### Exercise inputs

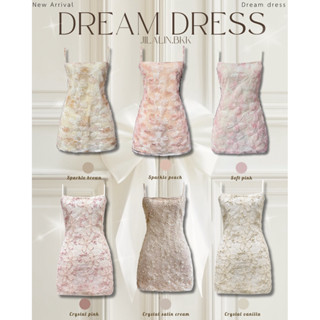 🌙Dream dress🌙 (พร้อมส่ง)ไม่รัดรูป เดรสสายเดี่ยวลายดอก ผ้าปัก…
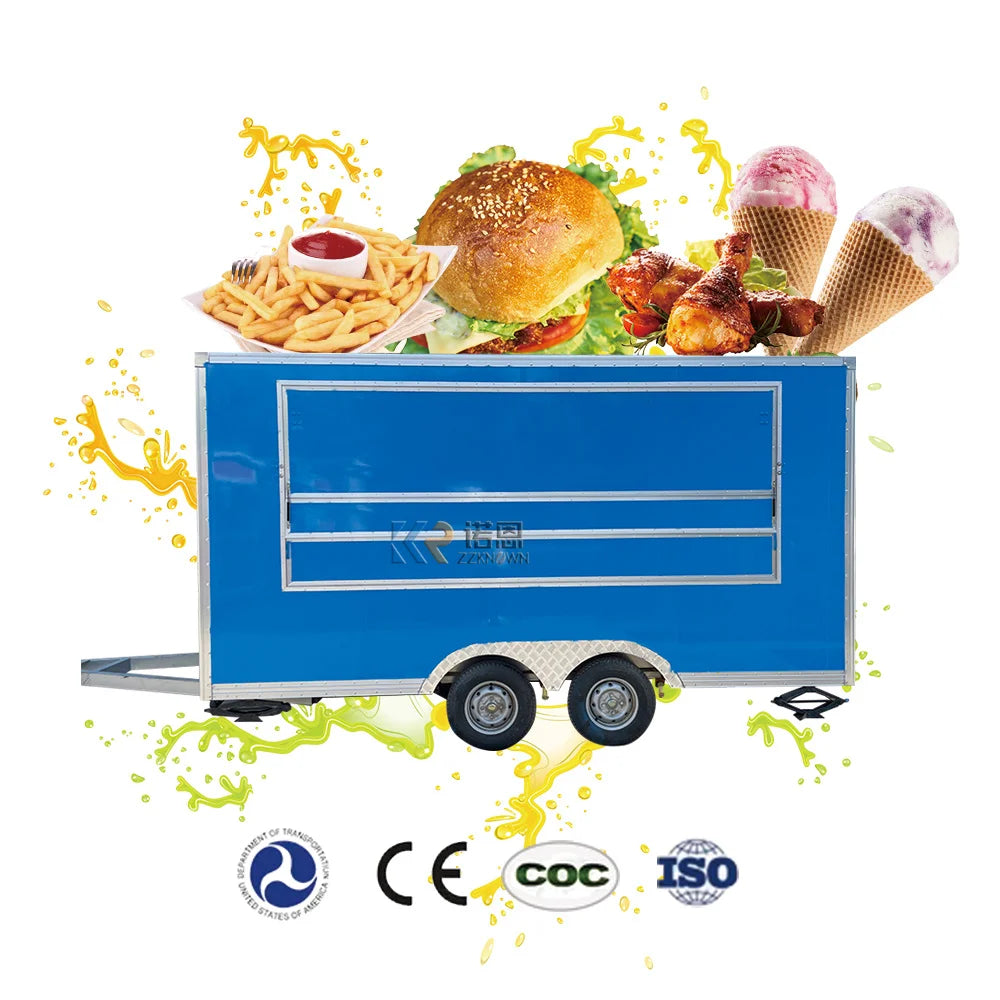 Nouveau design Street Snack Food Truck Europe Standard Food Cart Mobile Cuisine Restauration Remorque alimentaire Kiosque de vente de hot-dogs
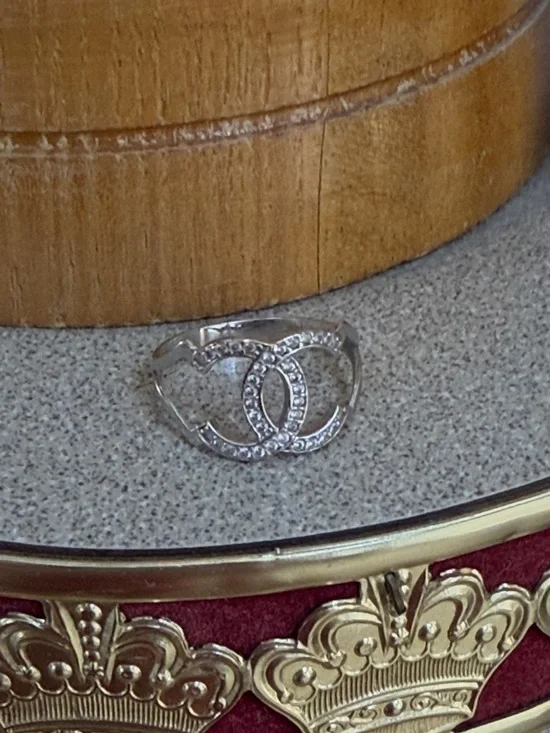 Solid Real 14K white Gold Designer look Ring with CZ stones size 8 - Picture 5 of 11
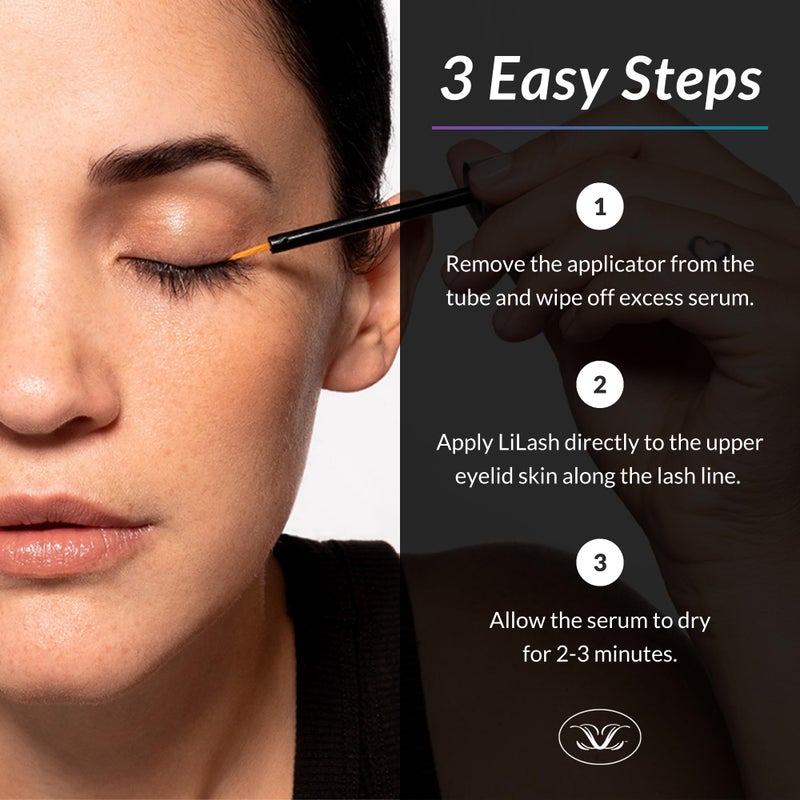 LiLash Purified Eyelash Serum to Grow Longer & Fuller-Looking Lashes - Eyelash Growth Enhancer, Safe for Use with Contacts, Lash Extensions, Sensitive Eyes - Vegan & Cruelty-free (2mL, 90-Day Supply) - Image 3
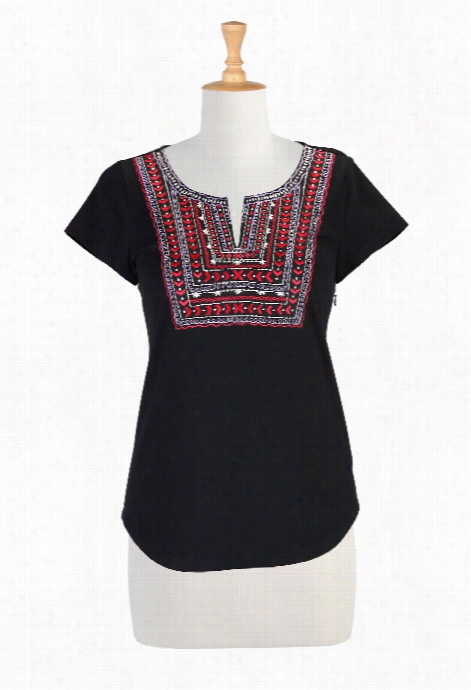 Eshakti Women's Graphic Geo Yoke Knit Tunic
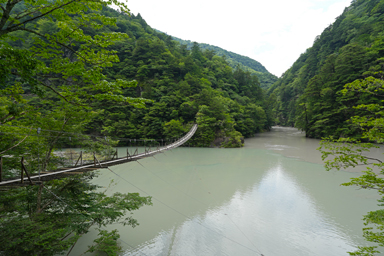 寸又峡の夢のつり橋と川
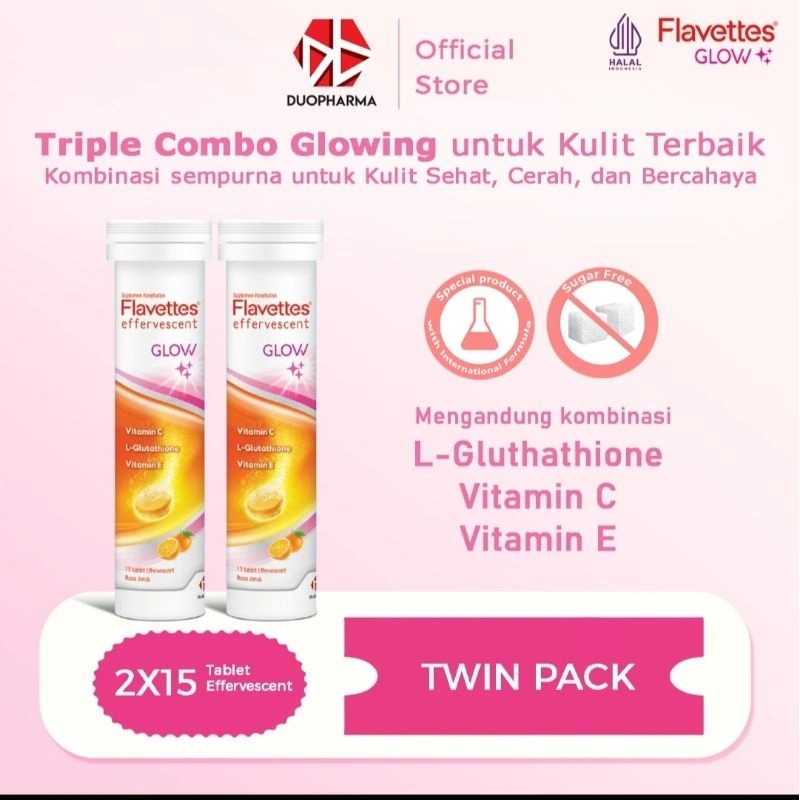 Flavettes Glow (15's x 2 Tubes) Suplemen Minuman Kecantikan dengan L-Gluthathione, Vitamin C, Vitamin E, Membantu Melembapkan dan Mencerahkan Kulit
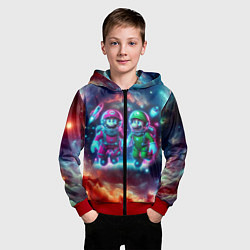Толстовка на молнии детская Марио и Луиджи в открытом космосе - неоновое свече, цвет: 3D-красный — фото 2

### Your goal
Reproduce the data verbatim. Do not carry any picture into the copy.

### Task answer
 🌙Dream dress🌙 (พร้อมส่ง)ไม่รัดรูป เดรสสายเดี่ยวลายดอก ผ้าปัก…
 Nouveau design Street Snack Food Truck Europe Standard Food Cart Mobile Cuisine Restauration Remorque alimentaire Kiosque de vente de hot-dogs
 Solid Real 14K white Gold Designer look Ring with CZ stones size 8 - Picture 5 of 11
 LiLash Purified Eyelash Serum to Grow Longer & Fuller-Looking Lashes - Eyelash Growth Enhancer, Safe for Use with Contacts, Lash Extensions, Sensitive Eyes - Vegan & Cruelty-free (2mL, 90-Day Supply) - Image 3
 Eshakti Women's Graphic Geo Yoke Knit Tunic
 寸又峡の夢のつり橋と川
 Flavettes Glow (15's x 2 Tubes) Suplemen Minuman Kecantikan dengan L-Gluthathione, Vitamin C, Vitamin E, Membantu Melembapkan dan Mencerahkan Kulit
Толстовка на молнии детская Марио и Луиджи в открытом космосе - неоновое свече, цвет: 3D-красный — фото 2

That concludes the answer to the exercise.